Very fast combat, very easy to track as a GM as well.

If you have powergaming players you may need to adjust some things as the system imbalances fast. Shadows of the past and STA style momentum dice buying helped fix this for me (the characters are still very heroic, just with a chance of failure or injury)

The quickstart rules are heavily cut down, be warned… learning the rules the first time can feel a bit tiresome as it isn’t the best laid out rpg book I have read. Doing it with a player friend will speed up the process dramatically.

Thanks! I’ve played tons of D&D and its retroclones (like Labyrinth Lord) and I still love it, but I’ve always been a Conan fan and I’ve been looking for a fresh RPG experience. This sounds like it could well fit the bill. Hopefully I can find some experienced players locally (no one in my gaming circle has played it) or perhaps online, though I’ve never played in an online game. Guess I gotta find some chips or stones or whatever for the various pools as well. I already ordered 2 sets of the dice.

Some people complain that it is too crunchy, but they are seeking something, IMHO, that is not exactly a Conan RPG experience. I’ve never seen Howard as being about the quick resolution of combat, but rather a cool descriptive interpretation of combat.

Indeed it doesn’t play as fast as some systems. I see it as a good mix between speed of play and a level of descriptive crunch.

The system lends itself to players really narrating what is going on. Places hit, armor defeated, armor destroyed etc.

I did a comparison of 2d20 combat vs Pathfinder combat:

At the end I do a short analysis on the pros and cons of the two systems.


Yeah, I’ve actually seen that. Personally, I’m not a fan of mathfinder at all. Way too much rules and options bloat for me. As I said, ideally I’d like to play with experienced players a few times first to learn the basics, then hopefully I’ll be able to run it for others, with some tweaks as needed.

On my first read-through I thought the game was much more crunchy then it actually is. I think part of the reason is character generation is a fairly involved process. However, once you sit down to play the game you find out how fast and smooth it plays. I’ve found it to be one of my all-time favorites to GM. There is something about the system that really keeps players engaged.

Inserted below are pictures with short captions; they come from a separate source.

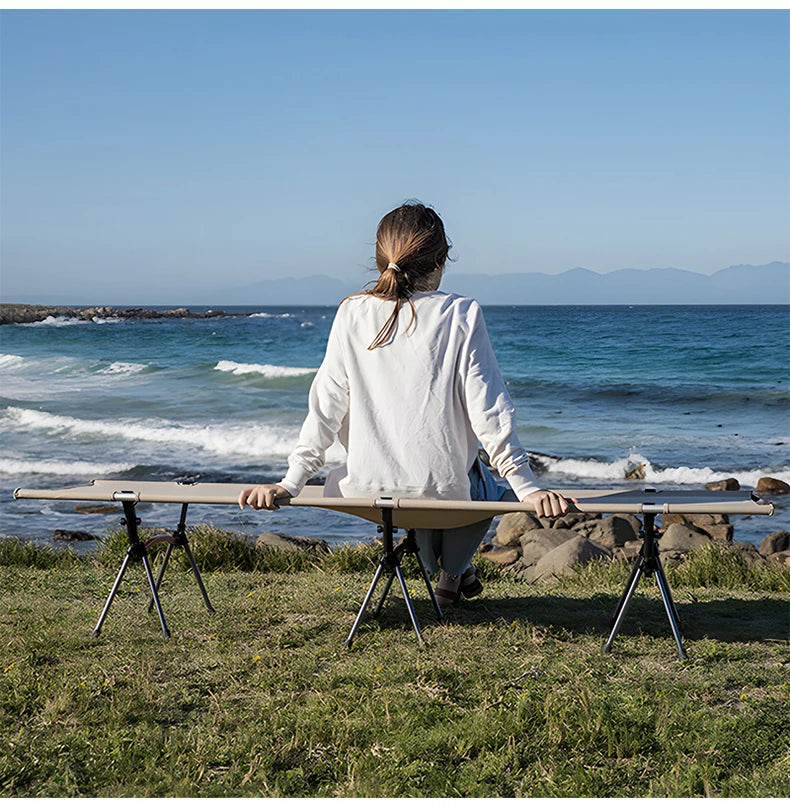 Person sitting at a portable table by the ocean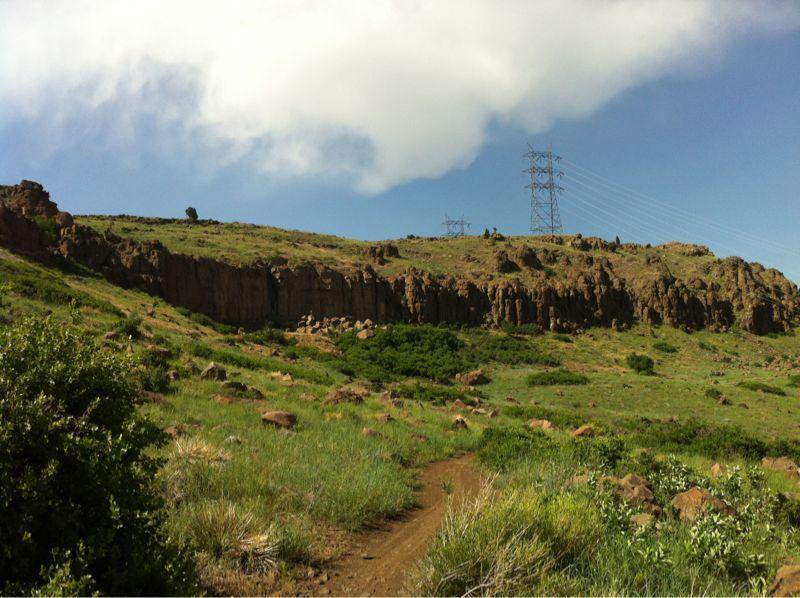 A scenic view of a green hillside with rocky cliffs under a partly cloudy sky. Power lines are visible in the background, and a dirt path winds through the grassy landscape. North Table Mountain mountain bike trail.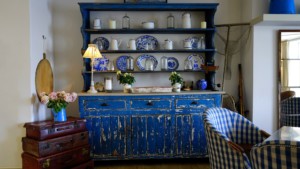 A distressed blue wooden hutch featuring rows of dishes and in need of refurbishing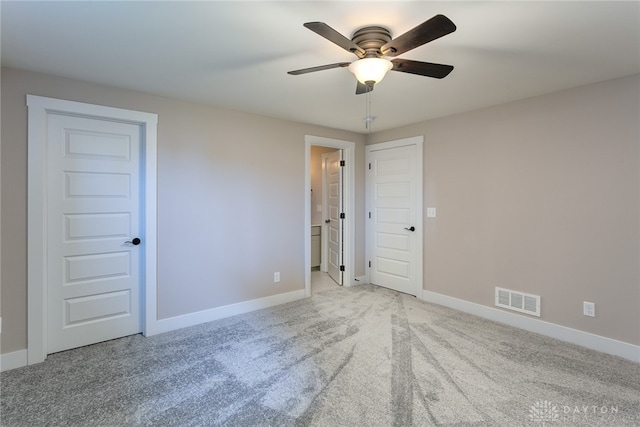 spare room featuring light colored carpet and ceiling fan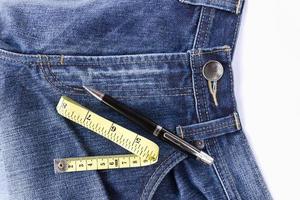 Measuring tape on front blue jeans photo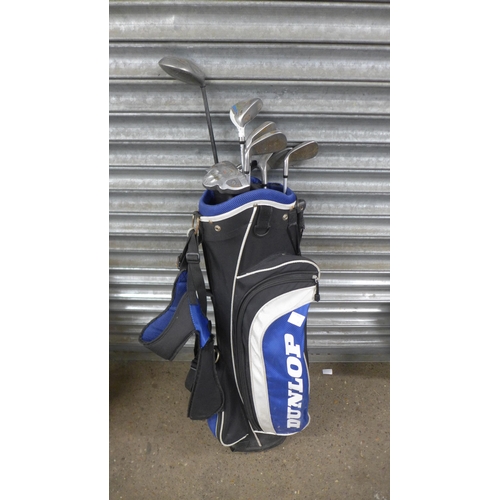 5139 - Two Dunlop golf bags containing assorted Dunlop clubs including drivers, irons and putters and Ben S...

Characters are much more capable at the start then most games. Something to realize as the GM is that you can stop thinking about “failure” being an obstacle (PC’s will succeed a lot), instead focus on complications (it’s amazing how many 20’s come up when rolling multiple d20’s) and Doom spends being the elements that challenge the heroes.

Look online, there are some folks around who have walked through examples and, assuming they’re still playing online, might let you go along for the ride to learn the ropes.

I ran it some last year and really enjoyed it. However, I did choose to avoid some parts of the game: No sorcery and no hit location, mostly relying on the quickstart. Also, I was willing to make judgment calls and worry about them later, which worked out.

I really felt that the game ran best with a smaller group of players, though. I think it’s really best with, say, two or three PCs, not five. Each PC is pretty capable but five were really ludicrous.

Chargen is complicated but there’s a free builder you can use or start out using one of the free adventures and the pregens. The resident powergamer did, of course, totally jack his character, so be warned—this game isn’t as balanced as, say, modern versions of low level D&D, tend to be, as others have noted.

One thing I’d very much like is a somewhat more “lite” option for Conan as I think the game is eminently suited for a more episodic kind of game, not really a traditional campaign. I think the episodic feel captures the original source material well, being they were short stories, not a modern mega-novel series. However, chargen and advancement in the game are set up more as a traditional campaign.

Oh, and the published adventures are really, really good.

I’d like to run more but don’t have the free time at the moment. I’m doing as many games as I can handle and am now doing a lot of musical accompaniment for charity shows, so I’ll probably have less going forward.